Stored entries:
______

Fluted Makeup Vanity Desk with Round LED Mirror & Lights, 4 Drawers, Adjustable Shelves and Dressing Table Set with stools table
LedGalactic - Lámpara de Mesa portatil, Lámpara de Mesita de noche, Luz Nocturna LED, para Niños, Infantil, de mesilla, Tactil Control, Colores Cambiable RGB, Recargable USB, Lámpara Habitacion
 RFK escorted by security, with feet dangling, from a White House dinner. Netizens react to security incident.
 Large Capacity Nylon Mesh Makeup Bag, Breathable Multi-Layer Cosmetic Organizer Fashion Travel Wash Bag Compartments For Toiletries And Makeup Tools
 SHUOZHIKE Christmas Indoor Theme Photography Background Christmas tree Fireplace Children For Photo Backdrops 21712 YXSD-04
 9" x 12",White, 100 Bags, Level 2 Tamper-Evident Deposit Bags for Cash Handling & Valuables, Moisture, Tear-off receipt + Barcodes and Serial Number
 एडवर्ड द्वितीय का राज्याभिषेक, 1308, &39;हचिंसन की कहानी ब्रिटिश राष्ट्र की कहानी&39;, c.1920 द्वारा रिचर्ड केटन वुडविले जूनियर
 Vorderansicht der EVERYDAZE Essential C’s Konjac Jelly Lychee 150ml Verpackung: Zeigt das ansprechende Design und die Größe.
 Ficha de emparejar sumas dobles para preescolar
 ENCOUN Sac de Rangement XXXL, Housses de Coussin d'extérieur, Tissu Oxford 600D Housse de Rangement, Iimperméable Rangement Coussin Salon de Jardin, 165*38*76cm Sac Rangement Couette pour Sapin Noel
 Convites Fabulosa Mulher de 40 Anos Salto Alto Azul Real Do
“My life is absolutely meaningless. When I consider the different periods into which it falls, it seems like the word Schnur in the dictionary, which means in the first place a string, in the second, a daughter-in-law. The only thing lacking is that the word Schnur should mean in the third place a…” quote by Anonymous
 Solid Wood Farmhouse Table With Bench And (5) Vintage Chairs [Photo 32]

______

Exercise description:
Give only the lines from the one holding "SHUOZHIKE Christmas Indoor" through the one holding "एडवर्ड द्वितीय का", each restated exactly as it appears above.

Written response:
 SHUOZHIKE Christmas Indoor Theme Photography Background Christmas tree Fireplace Children For Photo Backdrops 21712 YXSD-04
 9" x 12",White, 100 Bags, Level 2 Tamper-Evident Deposit Bags for Cash Handling & Valuables, Moisture, Tear-off receipt + Barcodes and Serial Number
 एडवर्ड द्वितीय का राज्याभिषेक, 1308, &39;हचिंसन की कहानी ब्रिटिश राष्ट्र की कहानी&39;, c.1920 द्वारा रिचर्ड केटन वुडविले जूनियर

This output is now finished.